David Gillespie appeared at Peterhead Sheriff Court.

A drunk driver who crashed a car on top of a dyke while he gave his boozy grandad a lift home has avoided jail but must carry out unpaid work and adhere to a curfew.

David Gillespie was already banned from the road at the time but got behind the wheel of his grandad’s car after it was agreed he was “least drunk” of the two.

The 29-year-old, who had served less than two months of a previous roads ban when he crashed the car, was so drunk he struggled to stand up straight, Peterhead Sheriff Court was told.

As well as drinking lager and vodka, the nightshift worker and father-of-one had smoked cannabis.

Fiscal depute Ruaridh McAllister told the court that the car Gillespie was driving came to a rest on a wall on the A950 New Pitsligo-to-Mintlaw road’s junction with the B9030.

‘Both men were intoxicated’

He said a witness saw the car come off the road and get lodged on top of a wall before Gillespie staggered from the car and asked for a hand getting the car “unstuck”.

When officers arrived they found Gillespie “unsteady on his feet” but willing to admit he had been drinking and taken the cannabis.

A reading taken by police found Gillespie almost three times the legal limit.

Defence agent Iain Jane said his client “accepted full responsibility” and that the car belonged to his grandfather.

He said the call was made that out of the two men Gillespie was “less drunk and could be relied upon to drive them both home”.
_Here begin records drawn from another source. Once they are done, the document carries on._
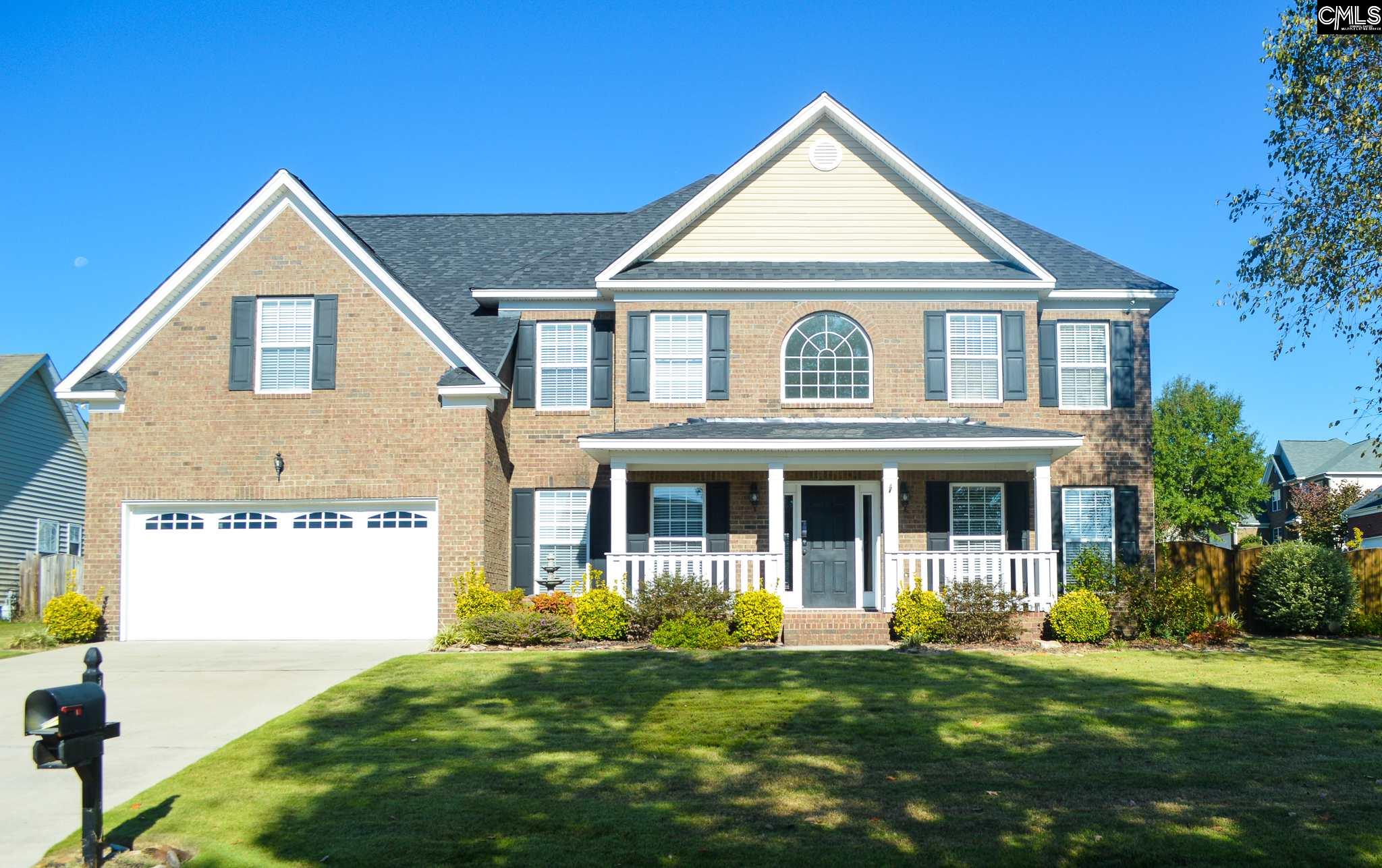 100 White Birch Lexington, SC 29073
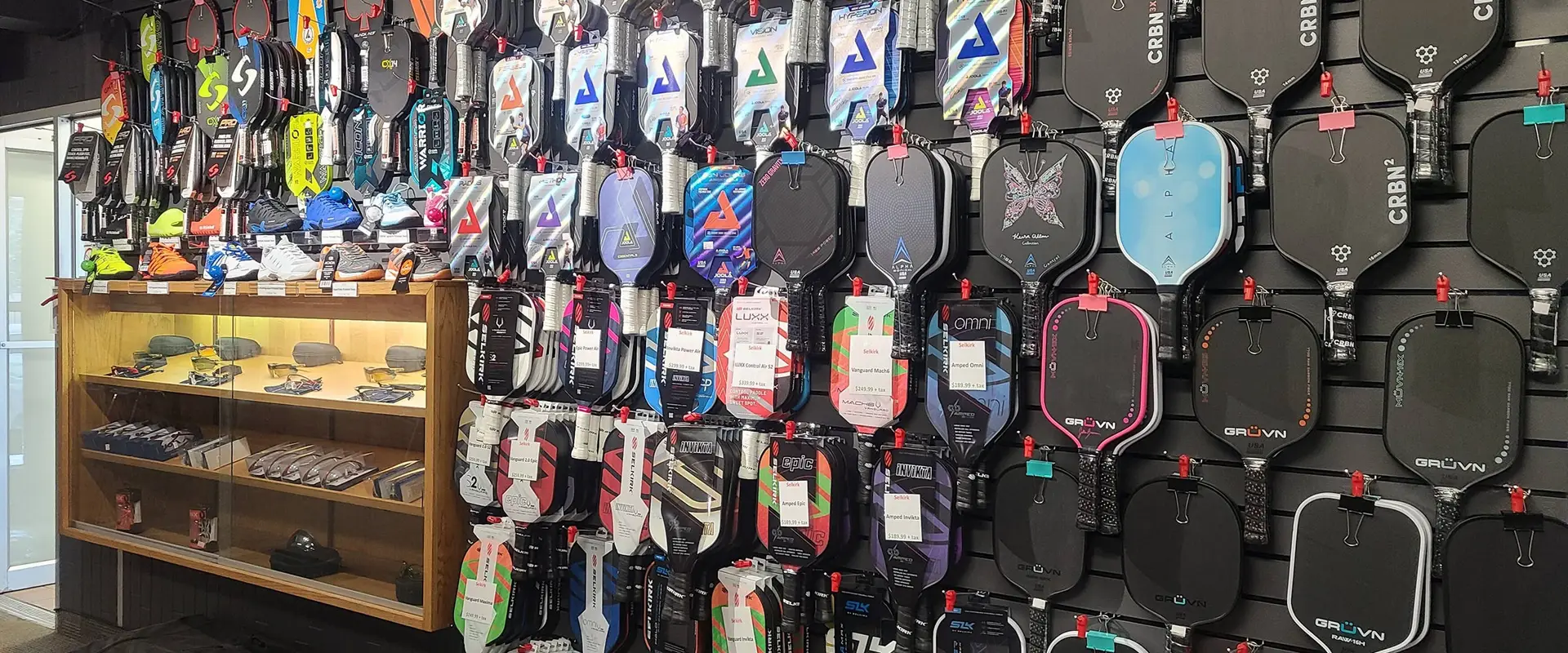 Bridge City Pickleball Hub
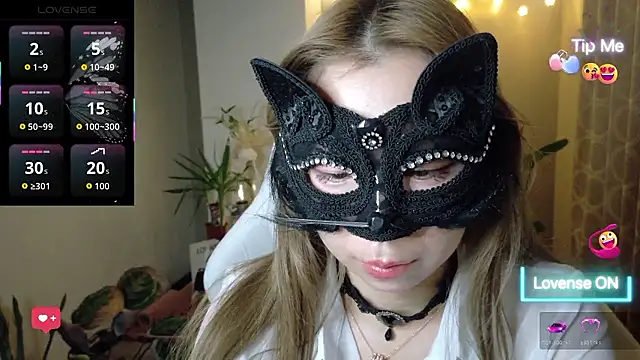 arianozomi 0808 online show from 07/03/26, 05:08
“Clearly that was not correct,” he told the court.

The car became lodged on a dyke at the A950 New Pitsligo-to-Mintlaw road’s junction with the B9030

Curfew only way to avoid jail time

Last month, Sheriff Christine McCrossan warned Gillespie that “custody has to be considered” given he’d breached the driving ban so quickly after it was imposed.

She called for a restriction of liberty order assessment to be completed in case this can be used as a direct alternative to custody.

Mr Jane said that assessment did offer up an alternative for Gillespie as he was willing to give up his free day time between night shifts.

He added that his client does not have an alcohol problem but instead “runs into problems” when he binge drinks.

Gillespie, of Duncan Crescent, Peterhead, also admitted a charge of driving while disqualified and driving without insurance.

He was ordered to carry out 200 hours of unpaid work, a six-month curfew and a supervision order lasting two years.